BEGIN EXERCISE INPUTS
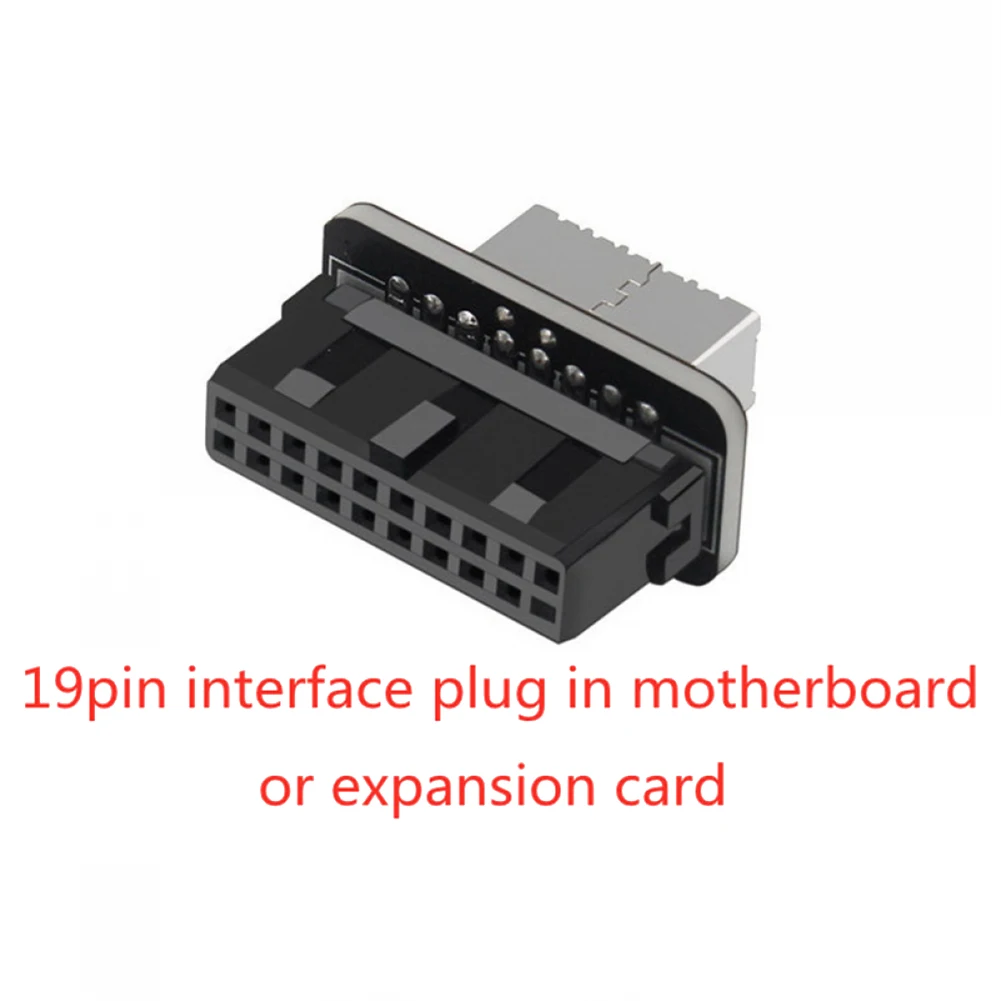 USB Header Adapter USB3.0 19P/20P to TYPE-E 90 Degree Converter Chassis Front TYPE C Plug Port for Computer Mining Motherboard | Компьютеры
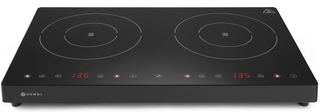 Induksjonskoketopp dobbel 3,5kw Diameter 23cm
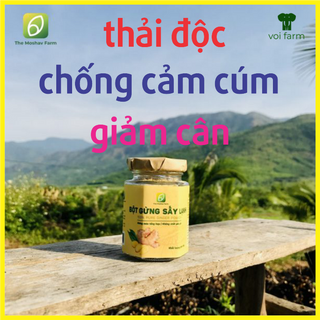 Bột Gừng Sấy Lạnh 40g The Moshav Farm thải độc– phòng cảm cúm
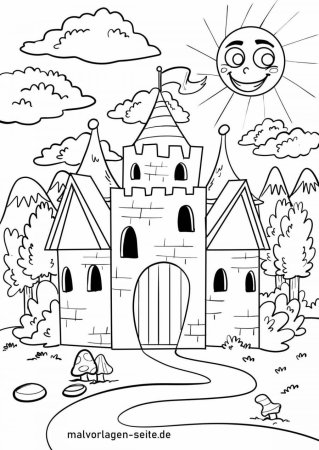 Замок раскрасить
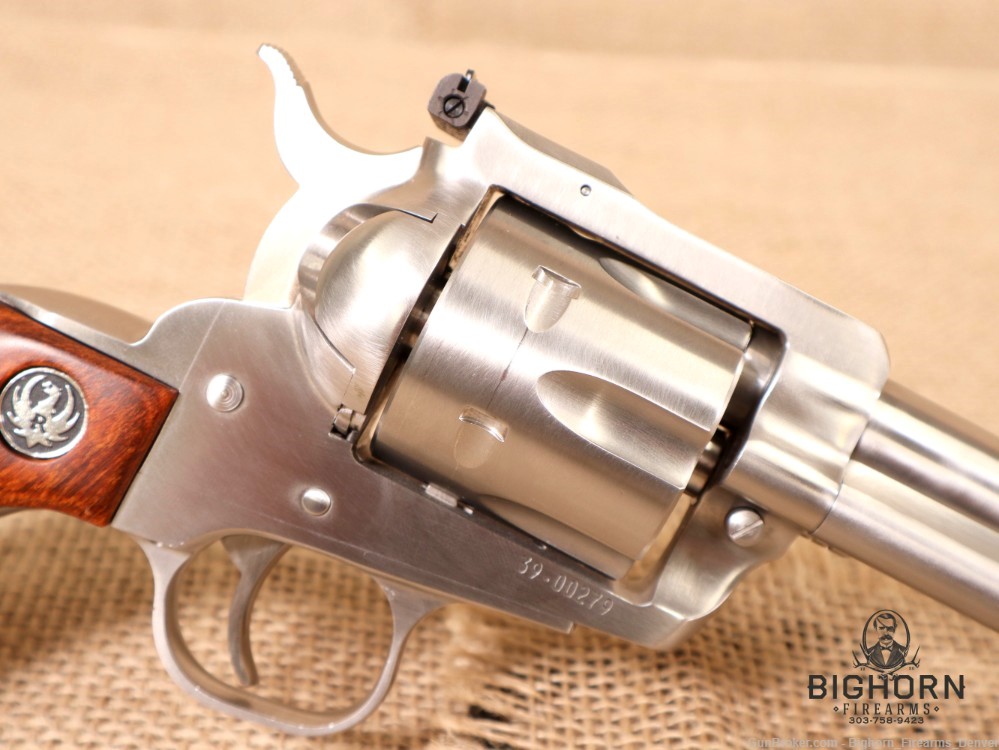 Ruger New Model Blackhawk 6-Shot Satin Stainless .357mag 4.62" SA Revolver-img-13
END EXERCISE INPUTS
* _YOUR OBJECTIVE_: Which lines run from the one containing "Замок раскрасить" to the end of the entries above? Write them out exactly, leaving out every picture.

* _RESULT OF THE TASK_:
 Замок раскрасить
 Ruger New Model Blackhawk 6-Shot Satin Stainless .357mag 4.62" SA Revolver-img-13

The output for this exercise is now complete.